Mariarita Martino
Ph.D. Research Student – Warwick Postgraduate Teaching Assistant, Department of Italian
Dott. Ling. Lett. (Siena); MA (Warwick and Birmingham).
Year Started: 2006
Supervisors: Dr. Loredana Polezzi & Dr. Jennifer Burns
Mentor: Dr. Simon Gilson
Research Interests
- Intersemiotic Translation
- Film/Literary Theory and Analysis
- Psychoanalytic Criticism
- Spectatorship
- Italian Cinema
Project - Intersemiotic Translation: Scopophilia in Written and Filmic Texts
How can scopophilia be analyzed in an intersemiotic context?
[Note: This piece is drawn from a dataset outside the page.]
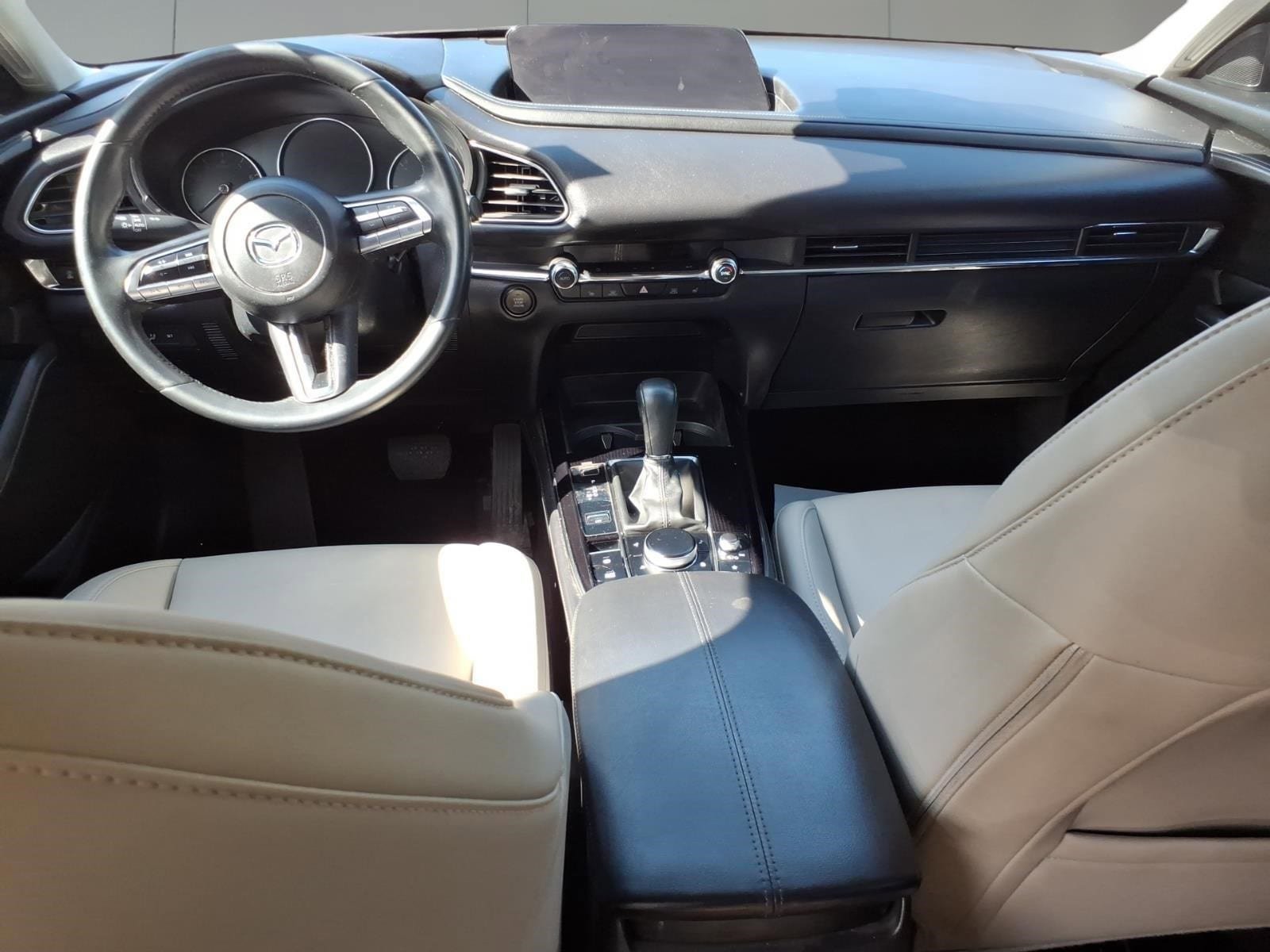 Used 2023 MAZDA CX-30 AWD 2.5 S w/ Preferred Package image 9
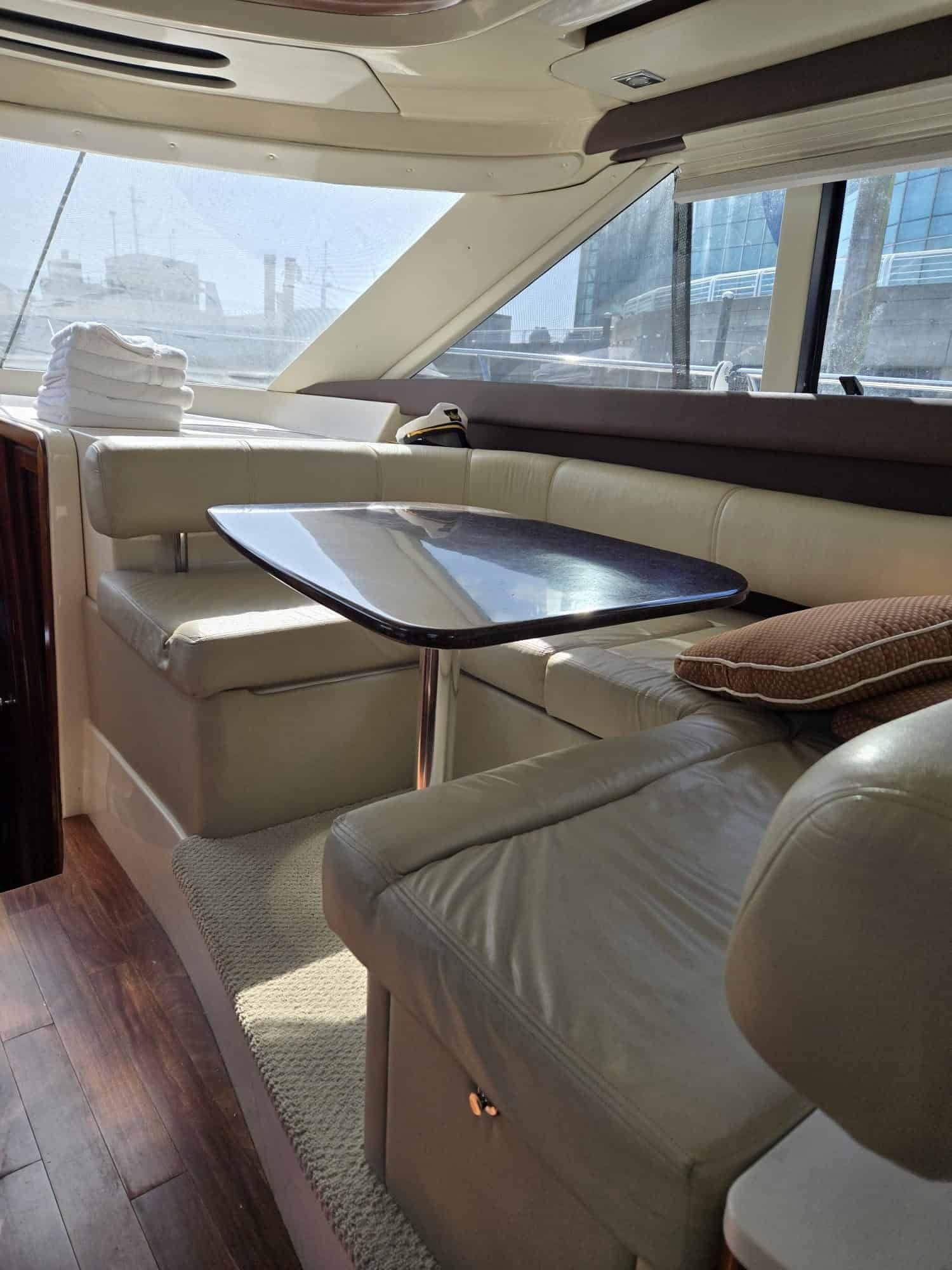 Meridian 441 | Tao Expedition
My research intends to examine how the reader and the spectator may share similar psychoanalytic receptive experiences by analyzing how narratives, both written and visual, enact scopophilic scenarios and their ideological implications, and how those narratives are shifted from the original novel to the film.
Academic Profile
Mariarita Martino's academic background covers both Italian (Cinema, Contemporary Literature) and Anglo-American Studies-oriented research (Adaptation Studies, Beat Generation and Jazz Music, Edith Wharton and Women's Writing, Ghost Stories). She studied Foreign Languages and Literatures in the Department of Philology and Literary Criticism at the University of Siena, where she obtained a BA (Hons) in 2004 in Anglo-American Literature and and Criticism focusing on adaptations of novels to film. In the UK she studied in Edinburgh (Summer Programme) and in Warwick as an undergraduate research student in the Department of Film and Television Studies, and as a postgraduate taught student in the Department of Italian. She graduated with a University of Birmingham and University of Warwick combined MA in Italian Studies: Culture and Communication in 2006 with a thesis on Liliana Cavani's Trilogy (The Night Porter, 1974; Beyond Good and Evil, 1977; The Berlin Affair, 1983). She is currently completing her Ph.D. on intersemiotic translation of scopophilia from a written code (novel) to a visual code (film) in the works of Pasolini, Brass, Boccaccio, and Tanizaki.